31 Such a contention cannot be maintained consistently with the reasoning of the Full Court, which said:
[37] … That a delegate of the Minister may have the power to revoke a visa cancellation decision is notwithstanding that:
• section 501CA itself is couched in terms referring only to decisions of "the Minister", and
• section 501CA makes no specific reference to decisions of delegates.
[38] Clearly, s 496 of the Migration Act empowers the Minister, by writing, to delegate to any person any of the Minister's powers under the Migration Act, including the power to revoke a cancellation decision, and to that extent gives effect to the so-called Carltona principle whereby Ministers of the Crown may properly delegate administrative functions to Departmental officials (Carltona Ltd v Commissioners of Works [1943] 2 All ER 560; O'Reilly; Dooney v Henry (2000) 74 ALJR 1289; 174 ALR 41); [2000] HCA 44). That this is further so in respect of powers conferred by s 501CA(4) is evident, for example, from the terms of s 500(1)(ba) of the Migration Act, which permits applications to be made to the Administrative Appeals Tribunal in respect of:
(ba) decisions of a delegate of the Minister under subsection 501CA(4) not to revoke a decision to cancel a visa.
…
[40] the interpretation of s 501CA(4)(b) promoted by the appellant - namely that it is only the delegate who can revoke the delegate's visa cancellation decision (and presumably only the Minister who can revoke a visa cancellation of the Minister) - would produce an inflexible practical outcome for which neither statutory nor policy justifications have been advanced. This interpretation would result, for example, in operative inconvenience if the relevant delegate left the Department, or the position of the delegate were reclassified. The proposed construction also ignores the point I have already made, namely that in exercising the power under s 501CA(4)(b) the delegate is actually exercising an administrative power of the Minister, and it follows that any power of revocation is similarly vested in the Minister.
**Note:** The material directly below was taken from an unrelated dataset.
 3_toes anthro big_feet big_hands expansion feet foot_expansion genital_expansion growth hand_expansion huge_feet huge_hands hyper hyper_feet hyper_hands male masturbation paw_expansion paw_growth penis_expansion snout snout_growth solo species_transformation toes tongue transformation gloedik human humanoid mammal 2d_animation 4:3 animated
32 The applicant sought to draw support for his preferred construction from the decision of the Full Court in Minister for Immigration and Multicultural and Indigenous Affairs v Watson [2005] FCAFC 181; (2005) 145 FCR 542, which was concerned with the question of whether the Minister might revoke the Minister's own decision under s 501(1) or s 501(2). As the Full Court observed in Marzano, at [45], the observations made in Watson were made in the context of provisions of the Migration Act which predate the enactment of s 501(3A) and s 501CA. By contrast with those provisions, s 501CA specifically addresses revocation of decisions under s 501(3A), which decisions could be made by either the Minister or a delegate. Further, several powers conferred by the legislation can be exercised only by the Minister personally, for example those exercisable under s 500A(1) and (3), s 501(3), s 501A(2) and (3), s 501B(2), and s 501BA(2). Again, by contrast, there is no statutory mandate in s 501CA which limits either the Minister or a delegate to personally exercise the power conferred by that sub-section: Marzano at [47].
33 A decision of the Minister's delegate made in accordance with s 501(3A) of the Migration Act, which decision was made by the delegate in exercise of the powers of the Minister, can be subject to the exercise of the power by the Minister, personally, to revoke the cancellation of a visa pursuant to s 501CA(4): Marzano [48].
34 The applicant's first ground cannot succeed.